Building Computing Machines from Ground Up: BrainF--k Interpreter Optimization
revision 0.9.0
One of the things that strikes when looking at BF interpreter from the previous post churning data is how slow it is. It is so slow not only because the underlying language is painfully sequential, but also because so many steps are wasted on performing each instruction. Moreover, some subcircuits make good sense in Logisim, but are non-trivial when implemented in hardware. Good news is that the original design is very naive and thus could be optimized. In this post I will show how this could be done.
First approximation
All optimizations start similarly: one stares critically at a system under consideration for some time. After a while patterns become visible, those which could be amended, updated or even removed. Let us do the same with the BF interpreter from the previous post.
Let us look at schematics. A big DMX
capable to route signals to eight subelements is used to route to just four.
The original logic was to have one route to nowhere to play it extra safe, but
is it really needed? Apparently no, since logical zeroes on control inputs
(which are cared about by the control unit) mean nothing happens to
the counters. So we can easily eliminate one of address lines for counter.
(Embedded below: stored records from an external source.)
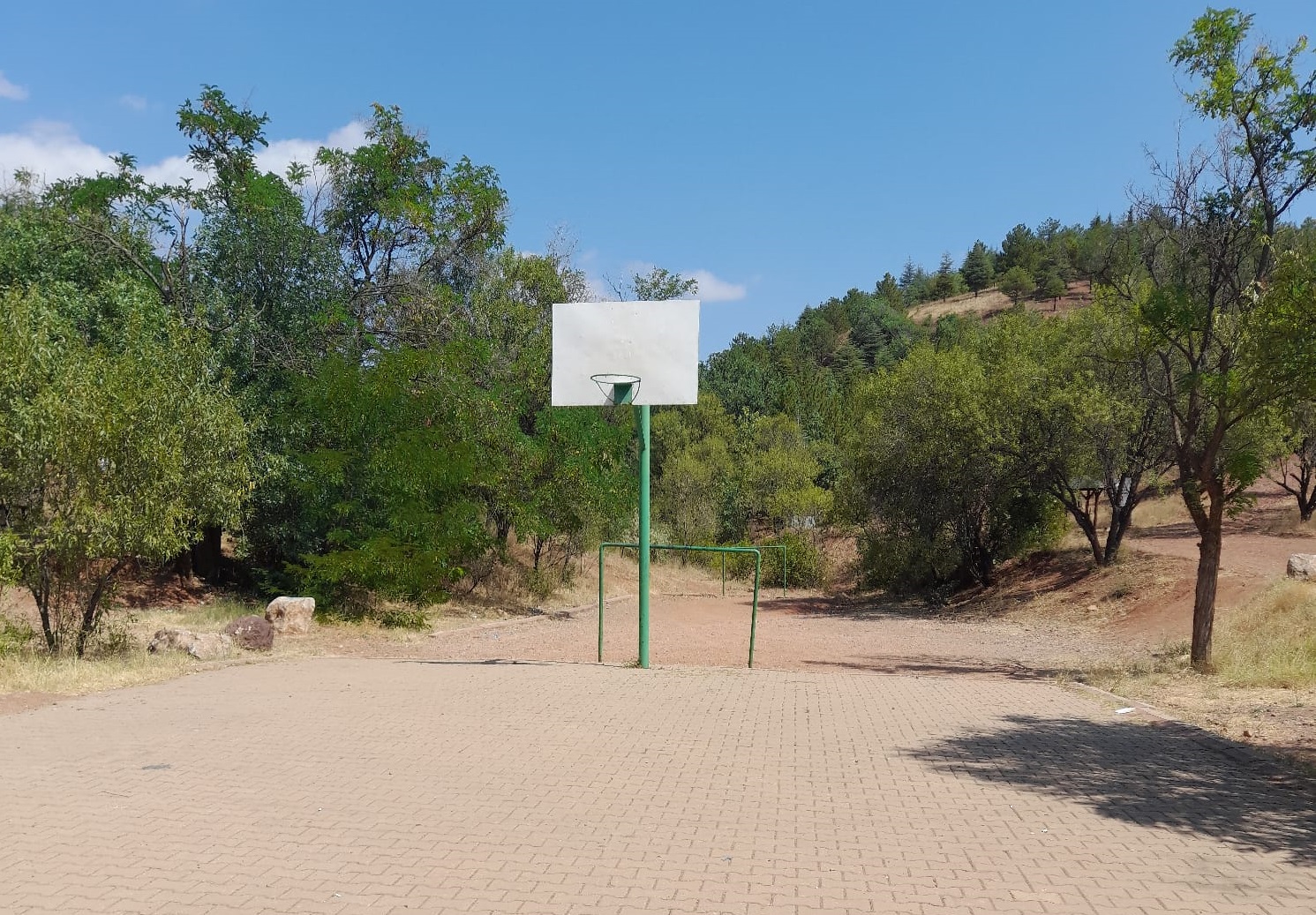 Kırıkkale Millet Ormanı Orman Parkı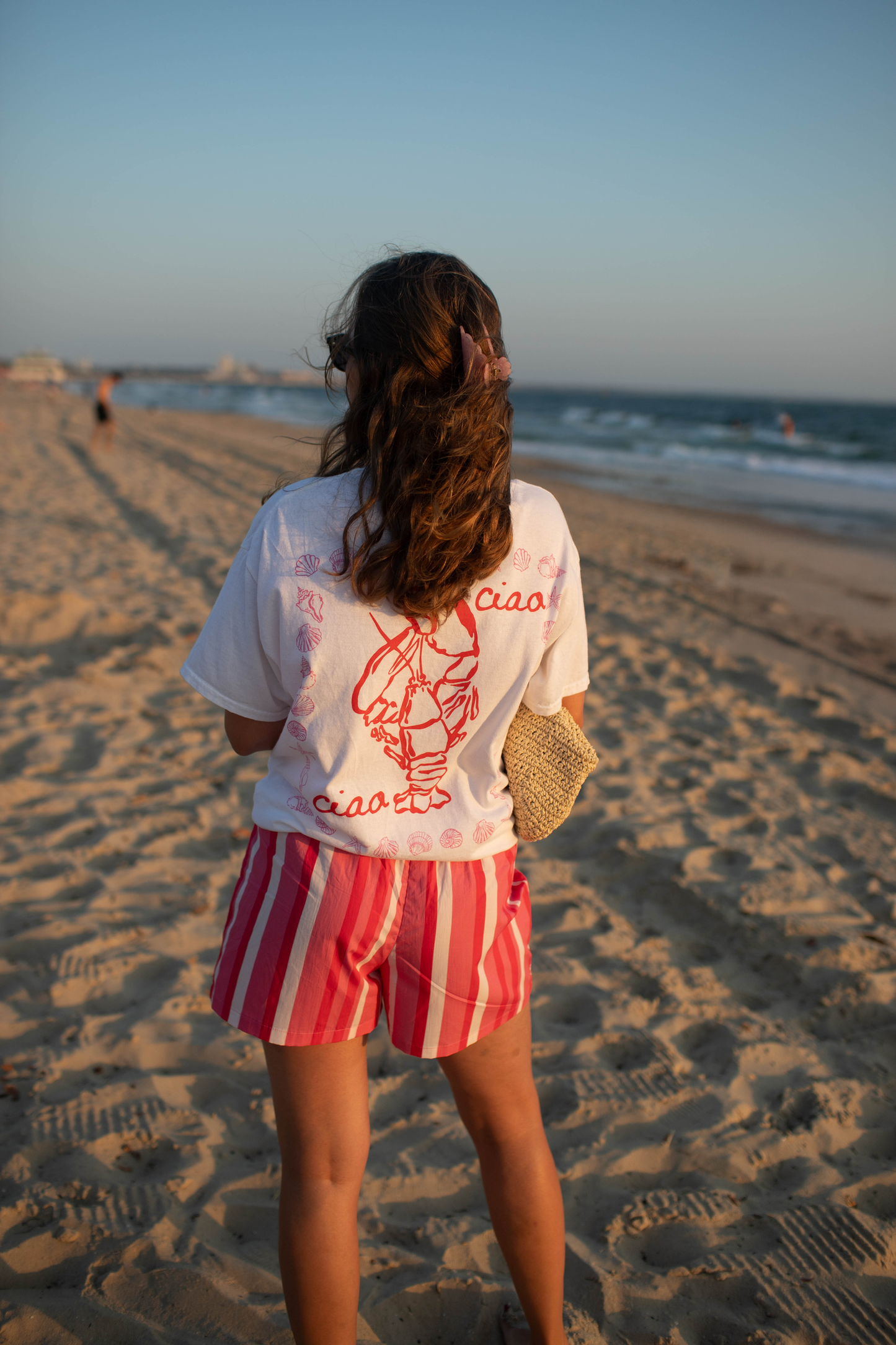 Ciao Lobster Tee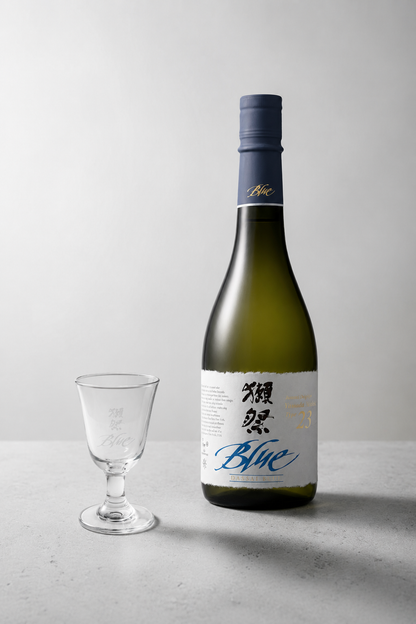 Atebito Dassai Blue Glass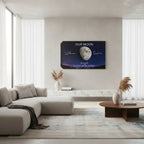 CANLA15 Deluxe Landscape Canvas 1.5in Frame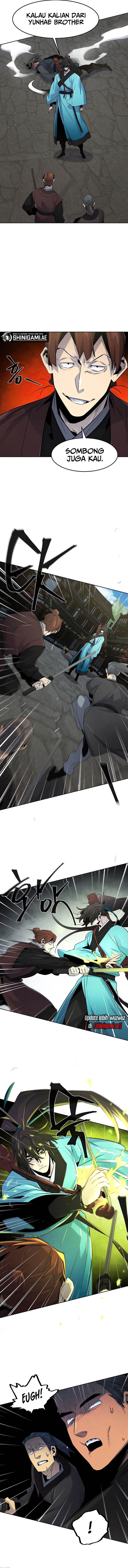 Return of the Mad Demon Chap 102 - Next Chap 103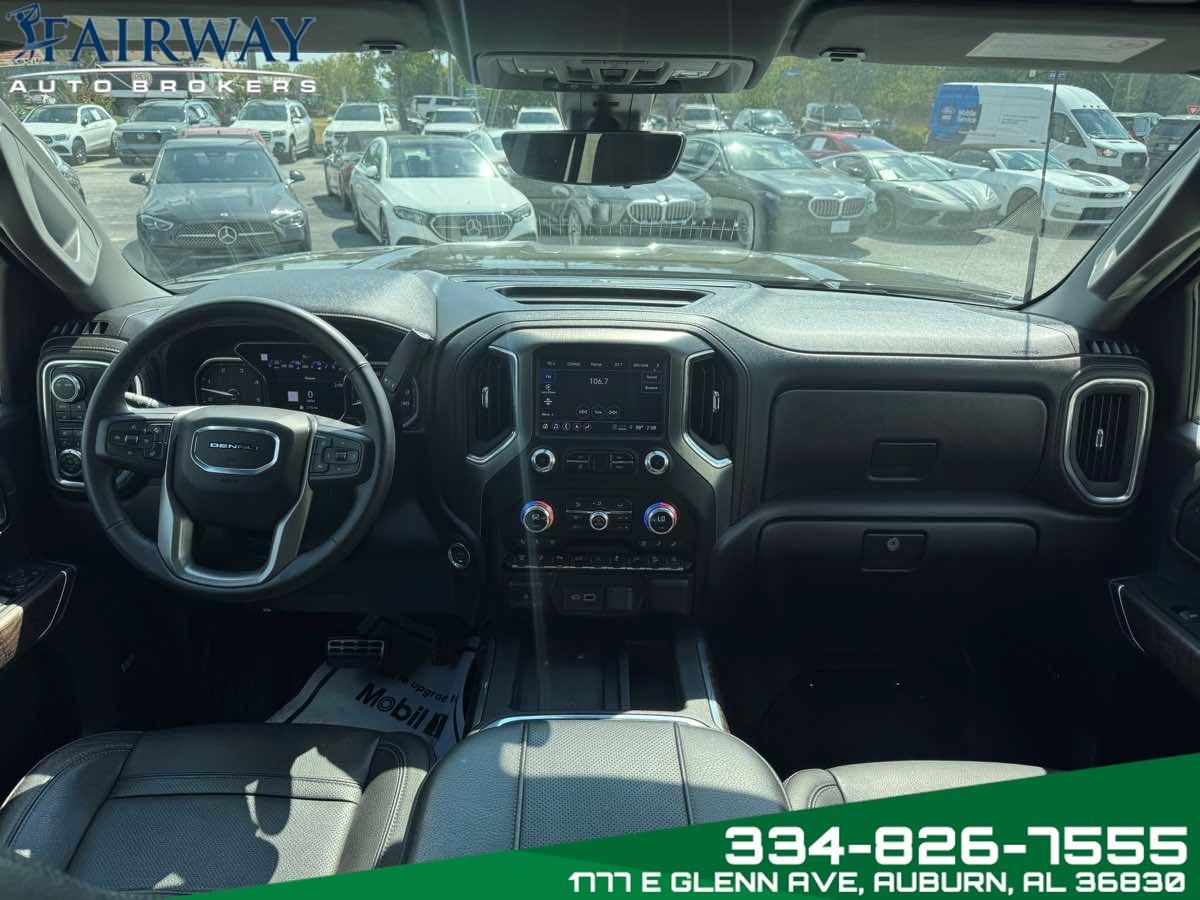 2023 Gmc Sierra HD Denali photo 20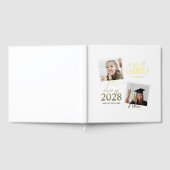 Und jetzt | 2 FOTO ABSCHLUSS Gästebuch (Voll)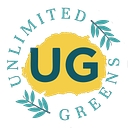 Unlimited Greens logo
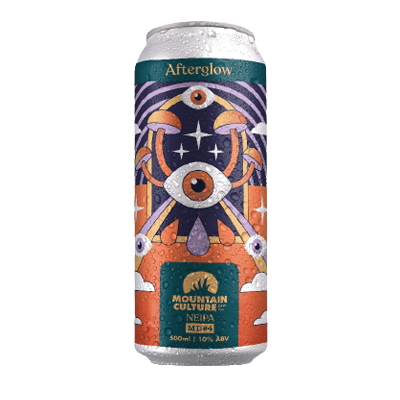 Mountain Culture MD#4 Afterglow NEIPA 500ml Can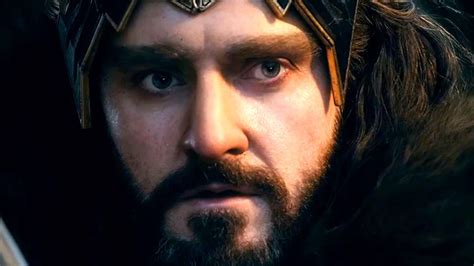 Here's Why Thorin From The Hobbit Looks So Familiar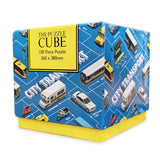 City Transport – 100 Piece Puzzle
To
keep changes minimal let us just remap 010 from ‘no-counter’ to ‘bracket
counter’. The table looses one column: CTRSEL:3
becomes CTRSEL:2
. Not
much, but still slightly better than before.
While we are here let us do one more minor update – let us get rid of counters which act as latches. I used them in such way in the first design on purpose: to avoid bringing too many entities into play. Now it is time to replace them with better fitting components – registers. The schematic now looks like this:
Computer cleanup. DMX is made smaller, counters acting as registers are replaced with actual registers.
Note that additional next step latch turns out to be redundant as well.
One phase is good, two are better
Let us continue looking closer at the control table. One pattern that keeps popping up everywhere is the use of guardian entries: in order to make sure proper control signals are present on component inputs each step which contains any of counters clock in high state is prepended by exactly the same step but with clock in low state. This is both very visual and very inefficient: if somehow removed it could provide two-fold increase in operation speed.
In fact a hint to a solution to this problem is already present on the schematic. Observe that next instruction propagation is delayed with a separate register. Clock signal for this register is generated by inverting basic clock source which is used to clock next state latch. Thus both rising edge and falling edge of clock signal are used to trigger different substeps within one step. But clock signal used in these circuit is a very low-frequency one, and quite a long time passes between edges. This time is much longer than it is needed for control signals to stabilize1. It would have been nice if a rising edge could be used several times with some delay first to update next step latch and then, when control signals have propagated to counters and stabilized used once again to clock counters. In other words, if clock signal could be split in, say, two with first signal distributed unchanged and the second distributed after been stored somewhere for some period of time, delayed somehow. And that is exactly where propagation delay comes to help us. Recall that it takes time for a signal to traverse any gate. Now consider two inverters placed one after another – they don’t change the signal itself, but introduce a delay two times bigger than delay of a single inverter. Thus in the simplest form clock source could be fed directly to next step latch and simultaneously to a delay line built out of inverters. The output of the delay line would be used as second phase of clock signal.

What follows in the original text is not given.